Fin novembre, c'est le moment où se prépare le calendrier de l'Avent. Cette année, un choix de vingt-quatre citations, accompagnées d'un carré de chocolat noir, pour inviter une personne à qui l'on pense très fort à méditer, s'antioxyder et se détendre jusqu'aux Fêtes (lesquelles risquent d'être plus que jamais mal nommées). 
Pour faire mon tri, il m'a fallu lire passablement de phrases ou de vers, qui m'ont fait rêver, ou méditer, ou rigoler (préparer ce genre de présent donne toujours matière à agrément). Mes deux préférées restent la plus courte : Tout s'arrange, même mal (Alfred Capus) ainsi que la plus longue, de l'indispensable Rilke, le cher, le sublime Rilke, qu'il a fallu imprimer en caractère 8 (si difficile de le faire entrer dans une case!) : Pour écrire un seul vers, il faut avoir vu beaucoup de villes, d’hommes et de choses, il faut connaître les animaux, il faut sentir comment volent les oiseaux et savoir quel mouvement font les petites fleurs en s’ouvrant le matin. Il faut pouvoir repenser à des chemins dans des régions inconnues, à des rencontres inattendues, à des départs que l’on voyait longtemps approcher, à des jours d’enfance dont le mystère ne s’est pas encore éclairci, à ses parents qu’il fallait qu’on froissât lorsqu’ils vous apportaient une joie et qu’on ne la comprenait pas ( c’était une joie faite pour un autre ), à des maladies d’enfance qui commençaient si singulièrement, par tant de profondes et graves transformations, à des jours passés dans des chambres calmes et contenues, à des matins au bord de la mer, à la mer elle-même, à des mers, à des nuits de voyage qui frémissaient très haut et volaient avec toutes les étoiles – et il ne suffit même pas de savoir penser à tout cela. Il faut avoir des souvenirs de beaucoup de nuits d’amour, dont aucune ne ressemblait à l’autre, de cris de femmes hurlant en mal d’enfant, et de légères, de blanches, de dormantes accouchées qui se refermaient. Il faut encore avoir été auprès de mourants, être resté assis auprès de morts, dans la chambre, avec la fenêtre ouverte et les bruits qui venaient par à-coups. Et il ne suffit même pas d’avoir des souvenirs. Il faut savoir les oublier quand ils sont nombreux, et il faut avoir la grande patience d’attendre qu’ils reviennent.
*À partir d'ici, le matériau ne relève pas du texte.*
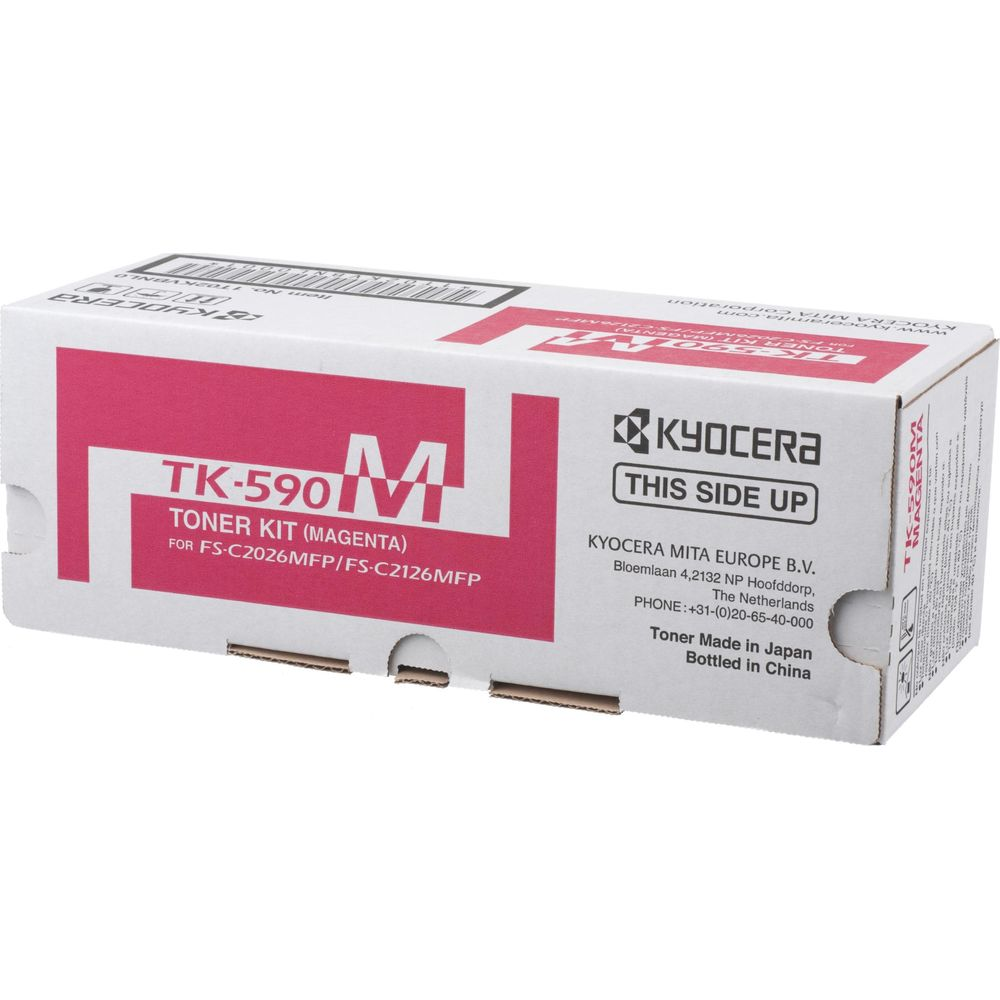 Boîte de toner magenta Kyocera TK-590M avec informations produit et adresse.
Car les souvenirs ne sont pas encore cela. Ce n’est que lorsqu’ils deviennent en nous sang, regard, geste, lorsqu’ils n’ont plus de nom et ne se distinguent plus de nous, ce n’est qu’alors qu’il peut arriver qu’en une heure très rare, du milieu d’eux, se lève le premier mot d’un vers. 

24 nov. 2020

Vivre : à la recherche du bonheur

 

Orphée / Paul Aubert / Musée Granet / Aix-en-Pce
 
Peu importent les embûches, peu importent les découragements, 
toujours vouloir la lune, mieux : toutes les étoiles du firmament,
les bras tendus dans l'appel de jours fiers et de soirs flamboyants.